One-paragraph takeaway. The FFT is the assertion that the Vandermonde matrix on the roots of unity — though dense — factors into log n sparse butterfly stages, each applying n/2 operations of the form (x, y) ↦ (x + ωy, x − ωy). Two group-theoretic facts (ω halves under squaring; ω^{n/2} = −1) make the factorization exist; unitarity makes it numerically safe; and replacing ℂ's e^{2πi/n} by a finite-field primitive root makes it exact. Everything else in this document is a careful unpacking of that single structural insight.

15. References and Cross-Topic Links¶

Cooley, J. W. & Tukey, J. W. (1965), "An algorithm for the machine calculation of complex Fourier series" — the founding paper of the modern FFT.
Introduction to Algorithms (CLRS), Chapter 30 — polynomials, the DFT, FFT, and the convolution view, with the same butterfly derivation used here.
Harvey, D. & van der Hoeven, J. (2021), "Integer multiplication in time O(n log n)" — the asymptotically optimal integer-multiplication result (Section 12).
Numerical Linear Algebra (Trefethen & Bau) — the unitarity and conditioning argument behind the O(log n) error bound (Section 10).
cp-algorithms.com — "Fast Fourier transform" and "Number-Theoretic Transform", matching the iterative bit-reversal code in middle.md/senior.md.
Sibling 04-karatsuba — the O(n^{1.585}) predecessor; sibling 03-master-theorem — the recurrence solved in Section 6; sibling 01-merge-sort — the identical T(n)=2T(n/2)+O(n) shape.
Cross-link to 11-graphs (transfer-matrix / walk counting) via the generating-function bridge of Section 11.2, and to 13-string-algorithms for the matching applications of Section 11.

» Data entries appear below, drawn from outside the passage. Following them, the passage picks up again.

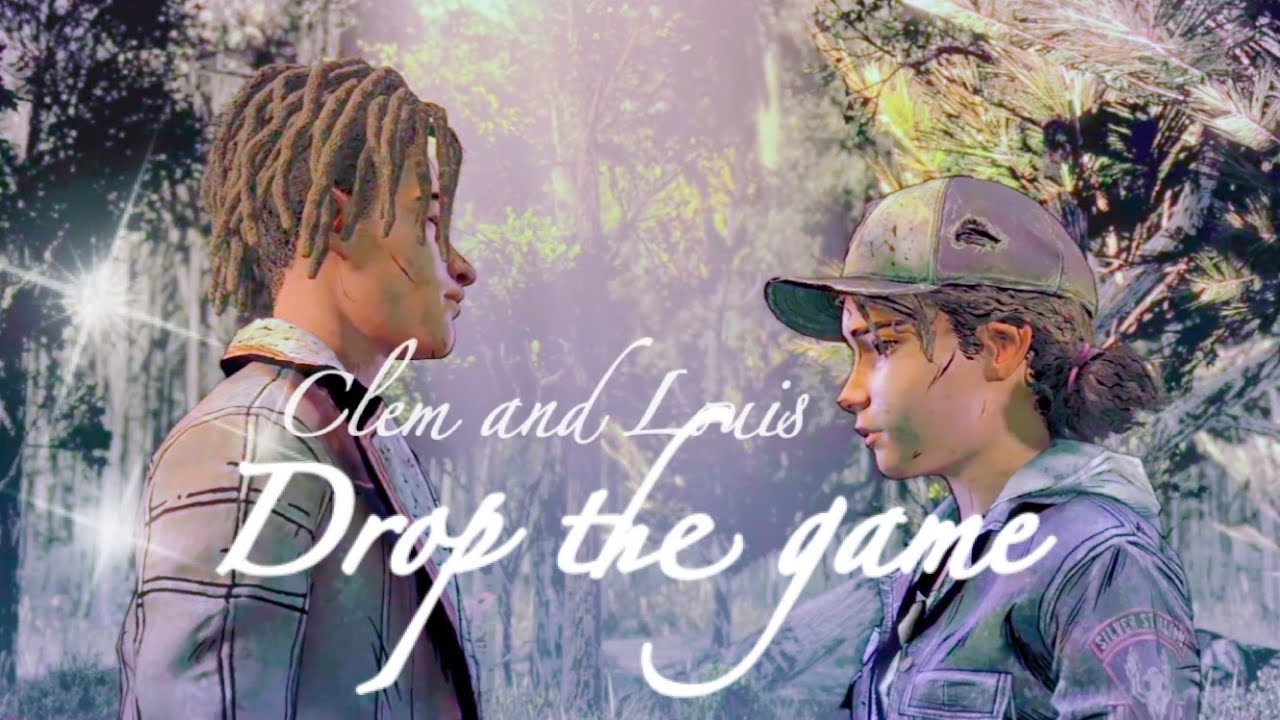 Clementine and louis***TWDG season 4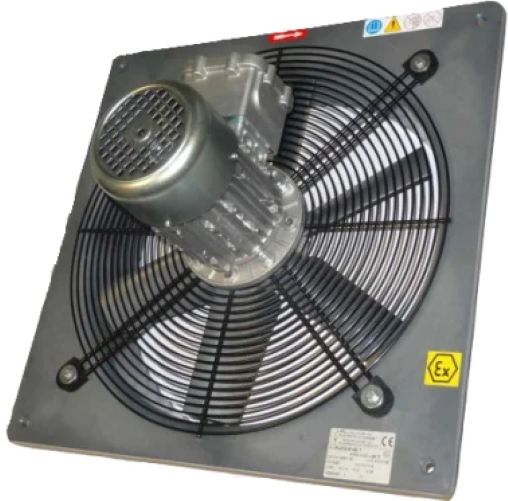 Robbanásbiztos ventilátor PLATE-M ATEX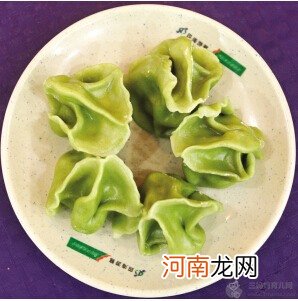 一岁半宝宝食谱：翡翠饺子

Notation recap. n transform length (power of two), ω_n = e^{2πi/n} principal root, F the DFT (Vandermonde) matrix, ∗ linear convolution, ⊛ cyclic convolution, ⊙ Hadamard (elementwise) product, ε = 2⁻⁵³ machine epsilon, p an NTT prime, g a primitive root mod p, C max coefficient magnitude, [P] the Iverson bracket. All proofs are stated for ℂ but hold verbatim in any field with a primitive n-th root of unity and an inverse of n — which is exactly the hypothesis the NTT supplies over ℤ_p.